Reenactment of military life in the 18th century
On May 19 and 20, 2018, the Citadelle de Québec was the theater of a reenactment of military life in the 18th century with the École du soldat en Nouvelle-France.
For six years now, this activity has offered unique entertainment in an exceptional decor. It was an opportunity to revisit the French military heritage contained in the impressive fortress of Old Quebec.
For the 2018 edition, a record number passionate reenactors (more than 140!) Will offer you a glimpse of the life of a camp of soldiers of the 1750s in New France. In addition to military exercises, gunfire and skirmishes, no one will be immune to the smell of meals prepared over a wood fire. A real journey in time!
Plan already your arrival at the Citadette of Quebec on May 18 and 19, 2019.
Source: La Citadelle de Québec
The Cavalier-du-moulin Park
In 1663, Simon Denys of La Trinité built a mill on a rocky mound called Mount Carmel, on the site of the present Cavalier-du-Moulin park. In 1693, this mill is integrated into a defensive work called Cavalier. By bringing the line of fortifications back to the west in 1755, the rider lost his mill and strategic value at the same time.
A unique look over the Vieux-Québec
Source: City of Québec
The best view of Quebec is from Levis. This very high definition panorama has been created with 320 different photos. The final image has 4.5 billion pixels. Zoom into the image and observe the fine detail of the Chateau Frontenac, the shore of the St. Lawrence River any building from this beautiful area of Quebec.
This image of the Quebec Bridge was photographed at 800mm. This image was made from 120 pictures of 36 megapixels. These 1.5 billion pixels depict the state of this “wonder of the world” in 2016. Zoom into the image to reveal fine details.

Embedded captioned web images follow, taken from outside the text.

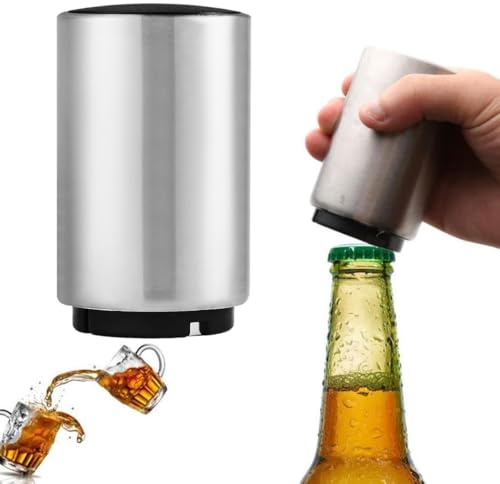 JYNVO 2 Pz. Apribottiglie automatico - Apribottiglie per birra, Per tappi a corona, Push&Pull,Stylish, Facile da Usare, Regali unici per uomo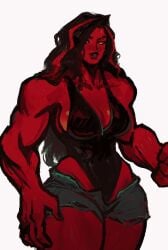 1girls betty_ross black_hair busty cleavage curvy hulk_(series) jean_shorts marvel marvel_comics muscular muscular_arms muscular_female peterchai58 red_she-hulk red_skin red_streak small_waist white_background wide_hips yellow_eyes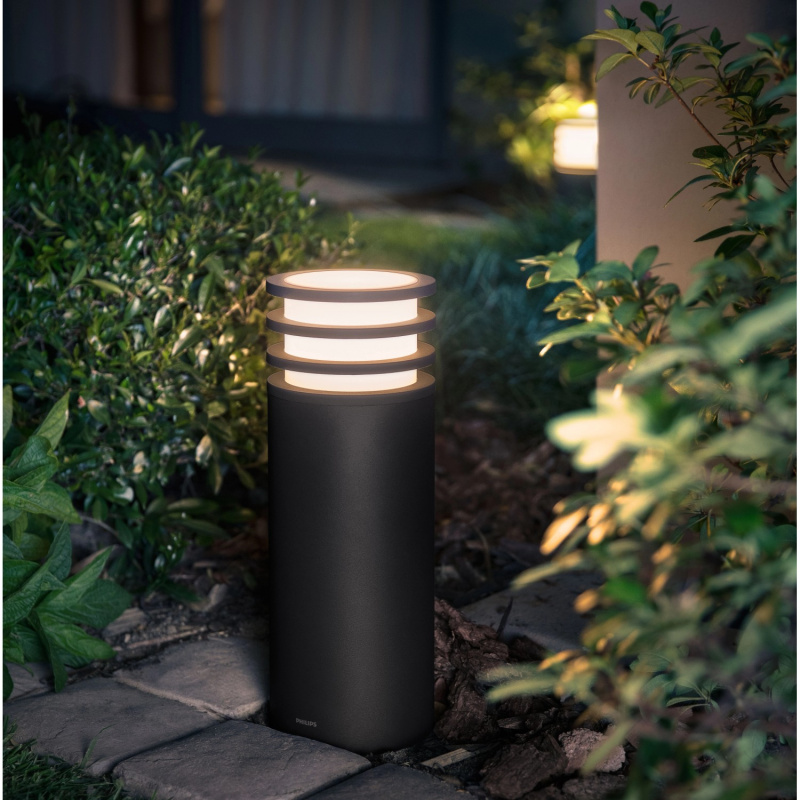 Philips Hue Sloupové svítidlo White Lucca IP44 9W 2700K antracit, pr. 14,2x40cm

The Quebec Bridge (Pont de Québec in French) is a road, rail and pedestrian bridge across the lower Saint Lawrence River to the west of Quebec City, and Lévis, Quebec, Canada. The project failed twice, at the cost of 88 lives, and took over 30 years to complete.

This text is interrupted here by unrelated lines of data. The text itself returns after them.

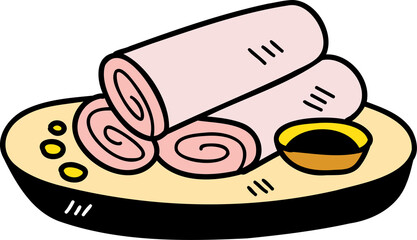 hand drawn dumplings placed on a plate illustration on transparent background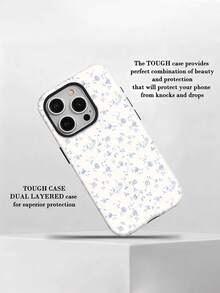 Floral Mobile Phone Case, Designed With Delicate Blue Flowers And Swirling Vines, Suitable For IPhone 16, 15, 14, 13, 12 And 11 Pro Models, Made Of TPU Material, And Provides Shockproof Protection. Perfect For Family, Friends, Children, Birthdays, Spring, Holidays, Boyfriends, Girlfriends, And Valentine's Day Gifts. - 白色 - 查看 2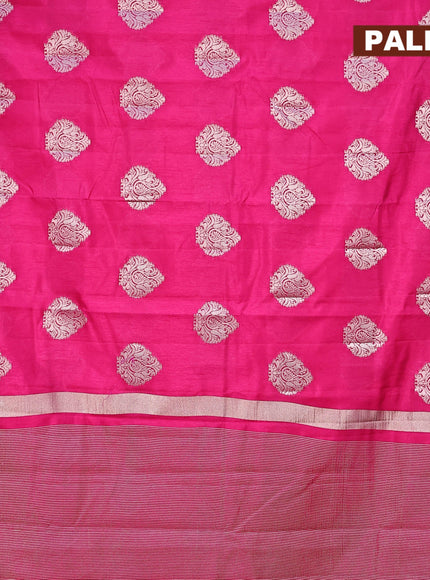 Semi raw silk saree pink with silver zari woven buttas and silver zari woven border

The Quebec Bridge is a riveted steel truss structure and is 987 m (3,239 ft) long, 29 m (94 ft) wide, and 104 m (340 ft) high. Cantilever arms 177 m (580 ft) long support a 195 m (640 ft) central structure, for a total span of 549 m (1800 ft), still the longest cantilever bridge span in the world. (It was the all-categories longest span in the world until the Ambassador Bridge was completed in 1929.) It is the easternmost (farthest downstream) complete crossing of the Saint Lawrence.
The Quebec Bridge was designated a National Historic Site of Canada in 1995.
St. Louis gate
St. Louis gate was built in 1693. It is located on St. Louis Street and overlooks the west, towards the Heights of Abraham. It is replaced by another, more to the west in 1745. It was demolished and rebuilt in its present form in 1878.

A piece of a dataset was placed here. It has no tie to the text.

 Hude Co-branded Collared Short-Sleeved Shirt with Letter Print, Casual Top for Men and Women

Saint-Louis Forts and Châteaux National Historic Site of Canada
The Chateau St. Louis in Quebec City was the official residence of the French Governor of New France and later the British Governor of Quebec, the Governor-General of British North America, and the Lieutenant-Governor of Lower Canada.
The site was designated a National Historic Site of Canada in 2002.
It is the historic site that certainly worth a visit.
For additional information about this site, go the page of Saint-Louis Forts and Châteaux National Historic Site of Canada.
A unique hotel in the world
The Hôtel-Musée Premières Nations is a 4 stars hotel located on the Wendake Indian Reserve in Quebec, Canada.
The Morrin Centre is a cultural centre in Quebec City. It is designed to educate the public about the historic contribution and present-day culture of local English-speakers.